------ DATASET RECORDS ------
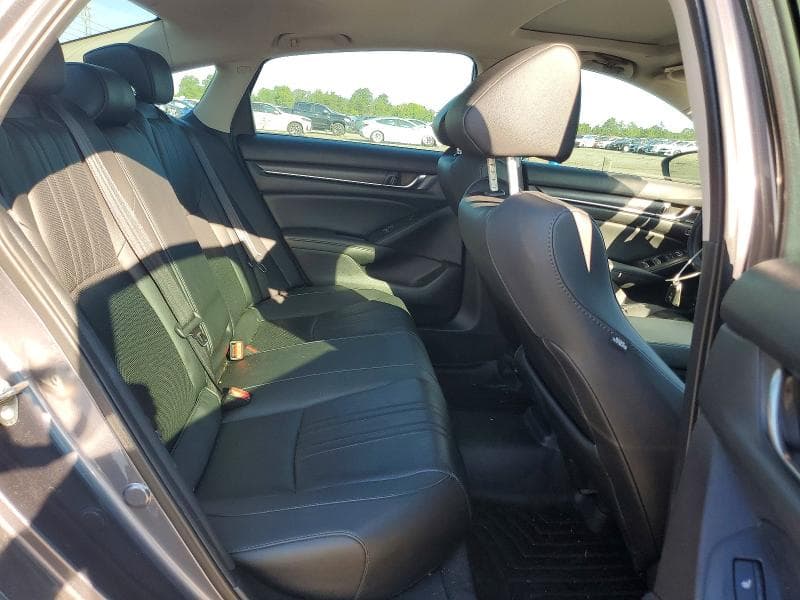 2020 HONDA ACCORD TOURING 10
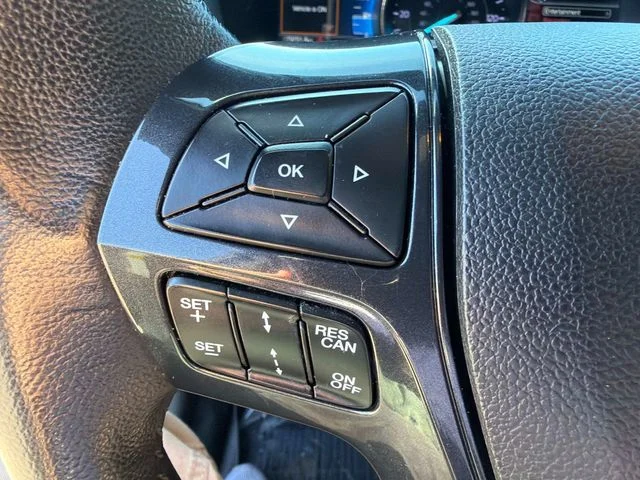 Used 2019 Gray Ford XLT image 28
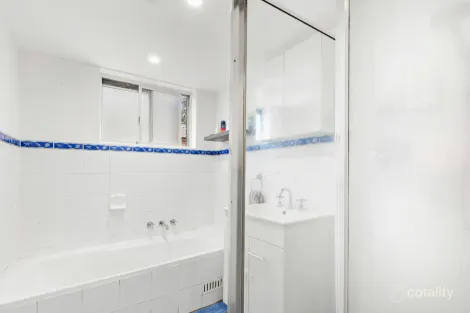 Property photo of 1/76-82 Glencoe Street Sutherland NSW 2232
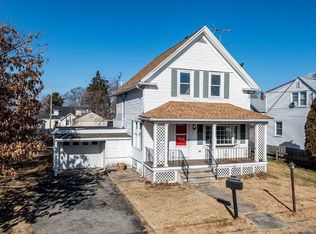 37 Stevens St, North Providence, RI 02911
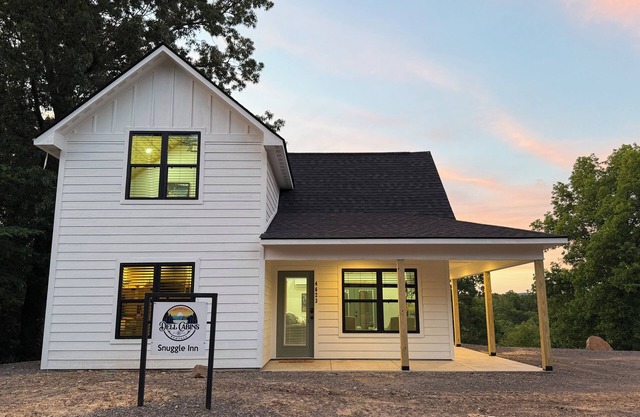 Snuggle Inn, New Cabin near Albert Pike Rec Area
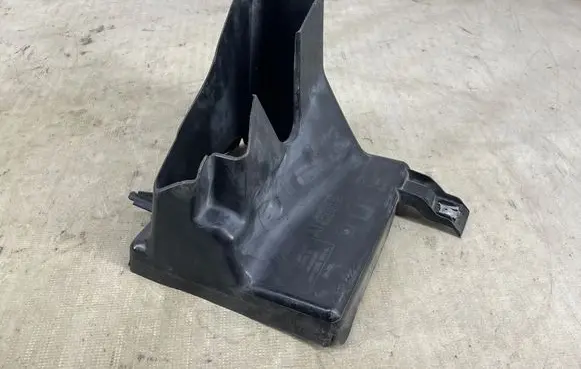BMW 7 G11 G12 Intercooler air guide/duct channel 7359789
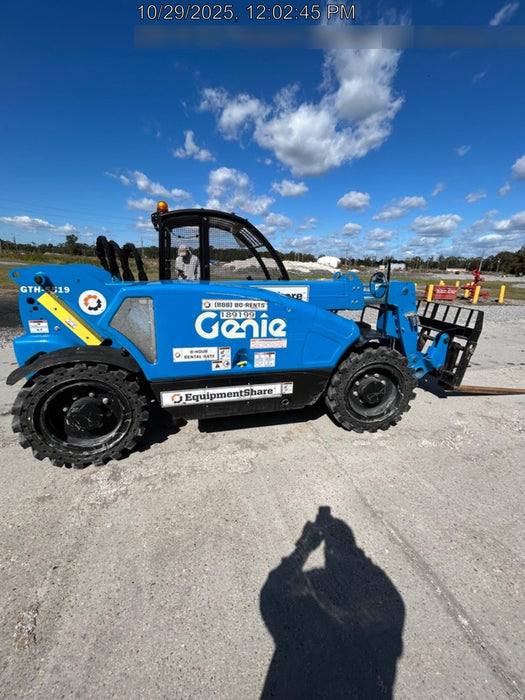 2021 GENIE GTH-5519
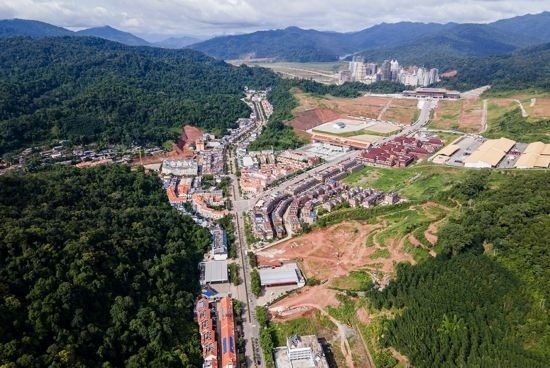 磨憨口岸俯瞰，右前方高層白色建筑群為老撾境內(nèi)。人民網(wǎng)記者 符皓攝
------
The full listing must come back exactly as written, with its pictures left out.

EXERCISE ANSWER:
 2020 HONDA ACCORD TOURING 10
 Used 2019 Gray Ford XLT image 28
 Property photo of 1/76-82 Glencoe Street Sutherland NSW 2232
 37 Stevens St, North Providence, RI 02911
 Snuggle Inn, New Cabin near Albert Pike Rec Area
BMW 7 G11 G12 Intercooler air guide/duct channel 7359789
 2021 GENIE GTH-5519
 磨憨口岸俯瞰，右前方高層白色建筑群為老撾境內(nèi)。人民網(wǎng)記者 符皓攝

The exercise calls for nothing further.